Task prompt: All the data that follows should be repeated exactly, without a single picture.

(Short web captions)

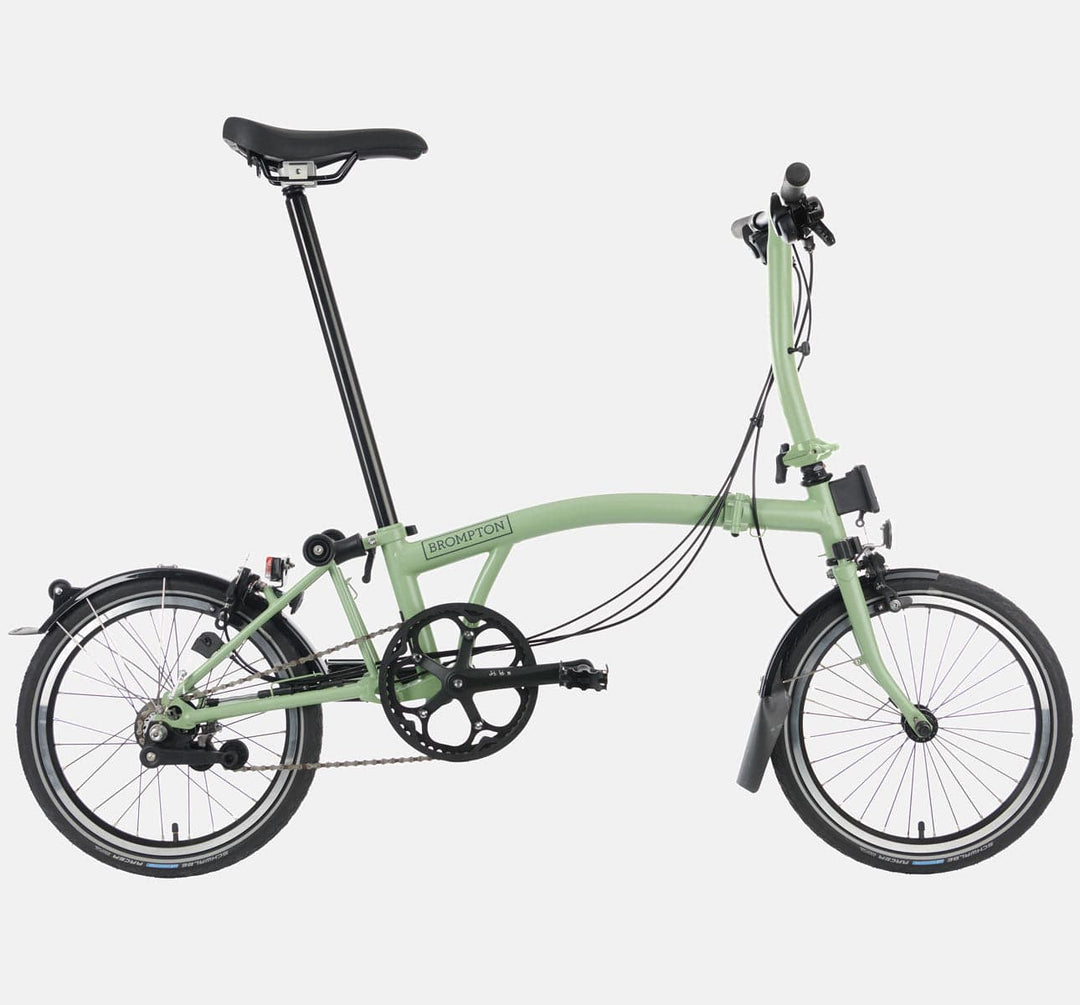 2023 Brompton C Line Explore Low Handlebar 6-speed folding bike in Matcha Green - profile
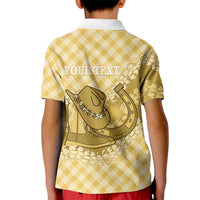 Melemele Hawaii Cowboy Palaka Motifs Personalised Kid Polo Shirt Paniolo Festival Puakenikeni Lei LT14 - Polynesian Pride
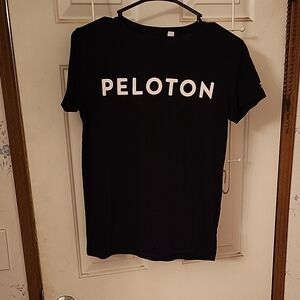 Peloton Black Tee with White Logo
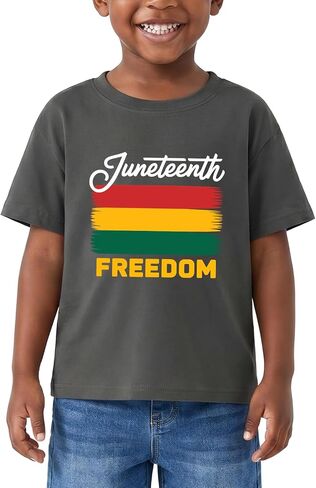Kids Juneteenth T-Shirt Boys Girls Tee 1865 June 19th Black History Shirts Short Sleeve Cotton 2-8T in Saudi Arabia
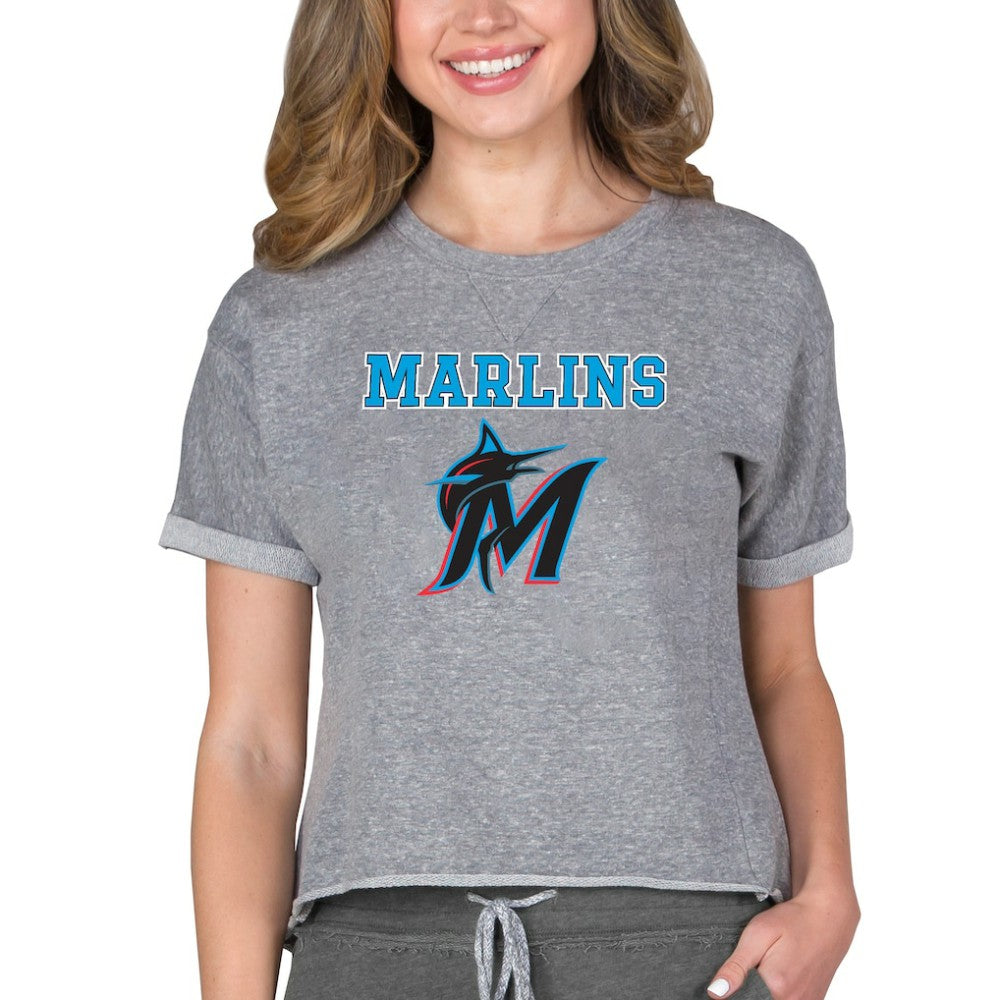 Gray Miami Marlins Concepts Sport Women's Tri-Blend Mainstream Terry Short Sleeve Sweatshirt Top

Finished task:
 2023 Brompton C Line Explore Low Handlebar 6-speed folding bike in Matcha Green - profile
 Melemele Hawaii Cowboy Palaka Motifs Personalised Kid Polo Shirt Paniolo Festival Puakenikeni Lei LT14 - Polynesian Pride
 Peloton Black Tee with White Logo
Kids Juneteenth T-Shirt Boys Girls Tee 1865 June 19th Black History Shirts Short Sleeve Cotton 2-8T in Saudi Arabia
 Gray Miami Marlins Concepts Sport Women's Tri-Blend Mainstream Terry Short Sleeve Sweatshirt Top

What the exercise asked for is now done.